The live finale of Kochav Haba, the talent show used as Israel’s national selection platform to choose who will represent the country in the yearly Eurovision Song Contest, finished earlier Tuesday evening and resulted in a participant being chosen to hit the stage in Lisbon, Portugal this May. For the first time in four years, a female will attempt to secure the win in the world’s most popular song competition.
As revealed by The Jerusalem Post, 24-year-old Netta Barzilai won this year’s edition of Kochav Haba, which translates into “The Next Star,” with fan favorite Jonathan Mergui coming in second and fellow female Riki Ben-Ari third. Popular singer Chen Aharoni placed fourth, much to the surprise of many Israeli voters and the Eurovision community as a whole.
Eurovision fans are not entirely sure that Barzilai will do well in this year’s competition; in fact, many believe that 2018 will mark the first time in four years that Israel does not advance to the final. This could potentially send the country back into a non-qualification streak, of which they were trapped in from 2011 to 2015, when 16-year-old Nadav Guedj not only made it through his semi-final but ended up placing ninth in the grand final. This was Israel’s best result since 2008 and also the first time in Eurovision Song Contest history that this nation sent an entry which was completely in English.
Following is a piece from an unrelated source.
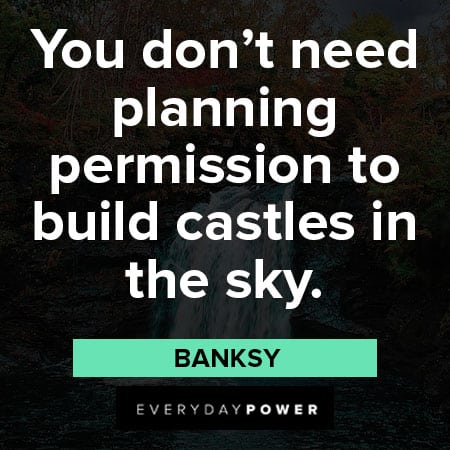 Banksy quotes about build castles in the sky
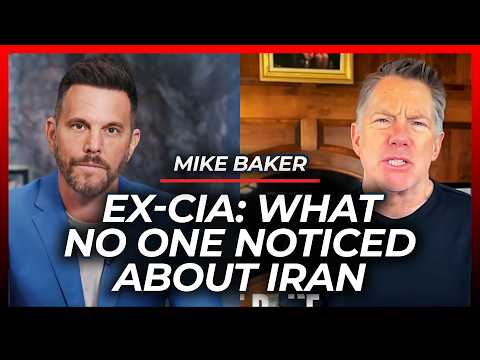 Ex-CIA: What You Aren’t Being Told About Iran | Mike Baker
Guedj’s reason for not abiding by the 50/50 rule (that the Israeli song submitted for the competition must be at least half in Hebrew) was that doing so would make the yearly Eurovision slogan’s point somewhat moot, as the notion of “Come Together” meant not pointing out such differences as language barriers and the like. Ever since then, Israel’s participants have performed solely in English; in 2016, Hovi Star sang the heart-wrenching ballad Made of Stars and 2017 saw Imri hit the stage with the dance anthem I Feel Alive.
Israel has competed in the Eurovision Song Contest a total of 40 times since the nation’s debut in 1973, and has actually won the competition on three occasions; 1978, 1979, and 1998. These winners were Izhar Cohen & the Alphabeta, Gali Atari & Milk and Honey, and Dana International. Izhar Cohen participated again in 1985, placing fifth, and Dana International tried her hand once more in 2011 but did not end up qualifying. The country’s worst result was in 2007 when band Teapacks placed 24th in their semi-final with the controversial entry Push The Button, a politically charged song surrounding Iran and nuclear war.